Bergmann destaca que, em parte das vezes, olhar para suas angústias e segurá-las — ou seja, não derramá-las como forma de alívio, mas sim como forma de ressignificação — traz um novo contorno para a subjetividade de cada um, mas também pode ajudar a direcioná-las de forma saudável.

O ato de circular e vivenciar a cidade também pode servir como estímulo do ócio criativo. (Fonte: Getty Images/Reprodução)
Ato de circular e vivenciar a cidade também pode servir como estímulo do ócio criativo. (Fonte: Getty Images/Reprodução)

Exemplos de atividades na cidade que ajudam a potencializar a criatividade pelo ócio

Nesse sentido, entre as formas de alcançar o ócio criativo está o ato de permitir-se estar em contato com os espaços urbanos e ocupá-los de forma ativa: seja em uma caminhada ao ar livre em um parque, andar a pé ou de bicicleta pela cidade e conhecer novos lugares, sentar em um café nunca antes visitado, um passeio ao museu da cidade ou a um teatro, ou chamar amigos para um piquenique à beira da praia ou de um lago.

A especialista salienta que desenvolver novas experiências, em qualquer lugar que se esteja ou se deseja ir, é um momento de criação. “Quem sabe passa-se na frente de uma nova escola de dança e surge aquele desejo de aprender a dançar bolero, samba, salsa ou stiletto. Ou ir a um show ou a um concerto e relembrar que, quando adolescente, quis-se aprender a tocar violão, piano, violoncelo ou bateria. Até mesmo visitar feiras artesanais e perceber que se pode usar as próprias mãos para fazer arte”, exemplifica.

Além disso, estar com amigos à mesa de um bar pode permitir novas conexões e ideias. Ainda, recomenda ela, por que não apresentar seus talentos ao público? “Publicar as poesias que estão na gaveta, tocar violão em um luau entre amigos, fazer peças artesanais como forma de presentear familiares ao invés de comprar algo, criar coragem para formar uma banda de rock, apresentar uma peça de teatro, fazer a viagem dos sonhos para o exterior ou só visitar os amigos que há muito não se vê… As possibilidades são infinitas, assim como nossa potência.”
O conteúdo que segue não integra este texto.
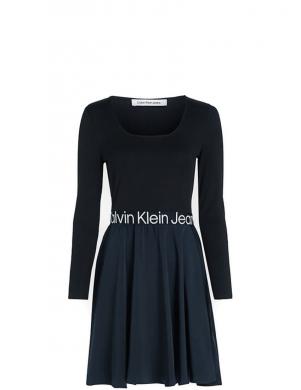 CALVIN KLEIN JEANS sieviešu melna kleita Logo elastic ls dress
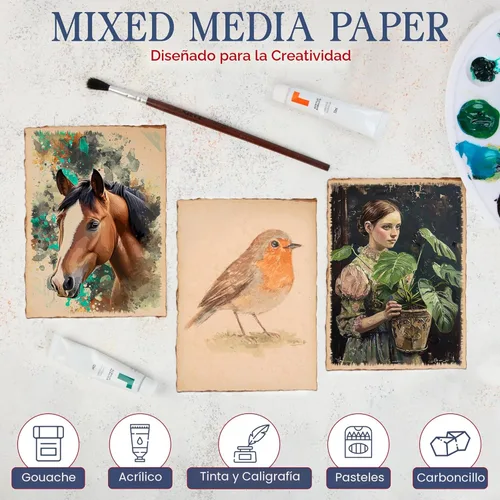 Miniatura 4 de Wanderings Paquete de 50 tarjetas antiguas hechas a mano con borde Deckle en blanco, de 4 x 6 pulgadas, tarjetas mixtas para anuncios, invitaciones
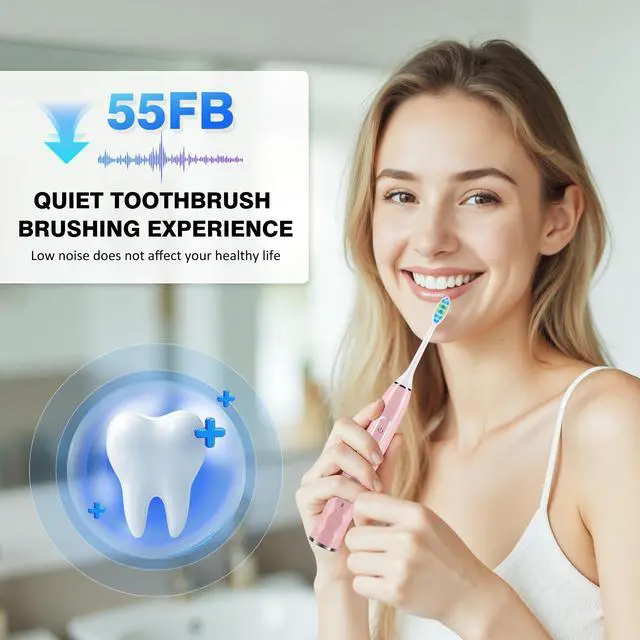 Alt view image 6 of 7 - Sonic Electric Toothbrush for Adults - Deep Cleaning Teeth Whitening6 Replacement Brush Heads100-Day Battery5 Modes w/SensitiveIPX7 Waterproof (Color Options)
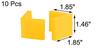 Uxcell L-Shaped Furniture Foot Covers, 45mm X 45mm Angle Iron Foot Pads, L-Shaped Plastic Leg Caps Protectors, Yellow, 10 Pieces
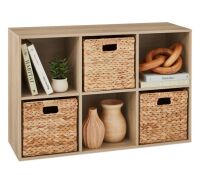6-Cube Bookshelf, 11in Storage Display w/ Removable Panels, Customizable
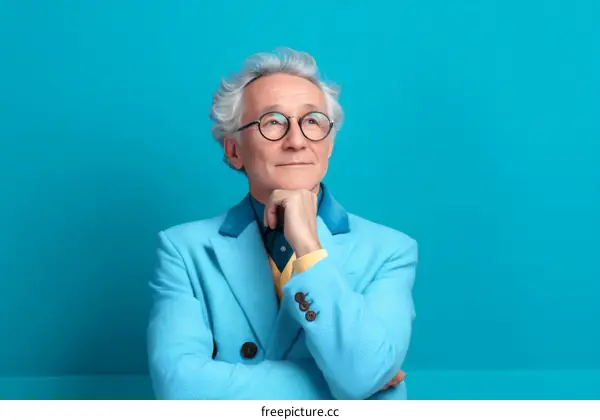 Stylish Senior Man Posing Against Vivid Blue Background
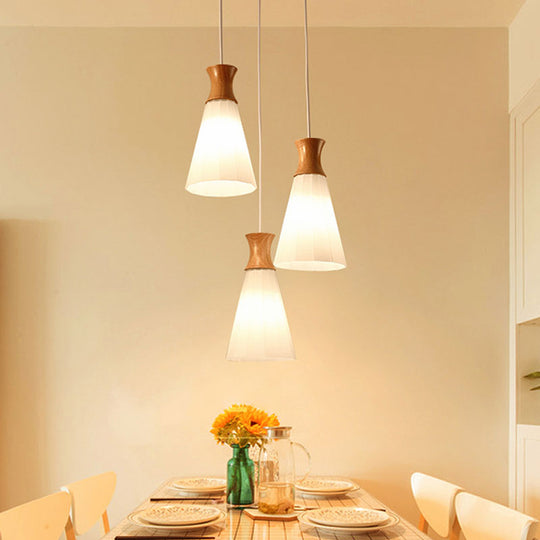 Nordic Style Conic Pendant Lamp With Ribbed Glass And Wood Hangings - 3 Lights White Linear/Round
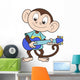Cartoon Monkey Playing Guitar Wall Decal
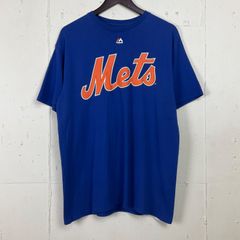 MLB ニューヨーク メッツ Mets チーム ロゴ プリント Tシャツ メンズL 古着 ブルー 青 ナンバリング 両面プリント【f240429012】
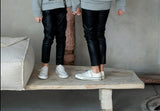 VOGA Girls' Black Eco Leather Leggings | V-23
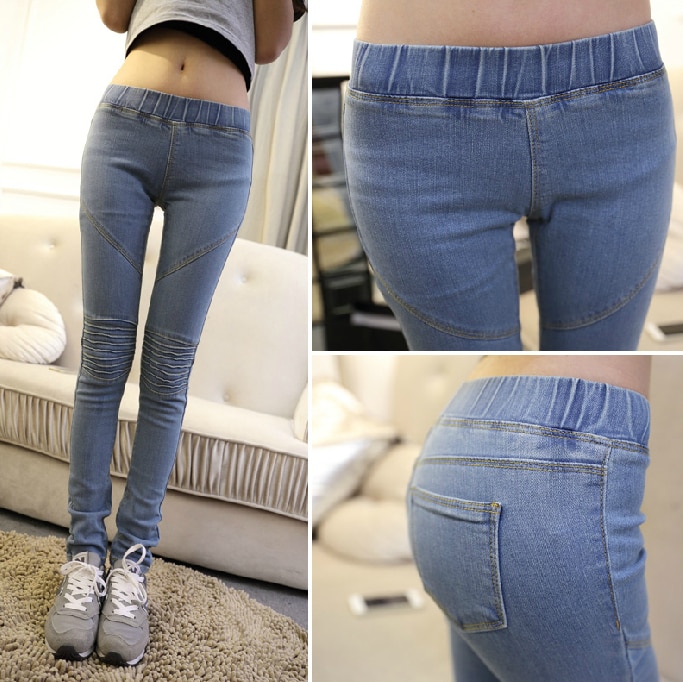 New women Slim wear white washed low rise jeans bottoming elastic .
A psicóloga alerta, no entanto, que não se refere à ideia de que “tudo podemos ser e fazer”. “Muitas vezes, nós nos deparamos com a frustração de objetivos que são inalcançáveis, pelo menos por ora”, avalia ela, complementando que o ócio criativo permite que se entre em contato com o que é possível fazer hoje com os recursos internos que cada um carrega, para além daqueles de ordem financeira, ampliando sua qualidade de vida.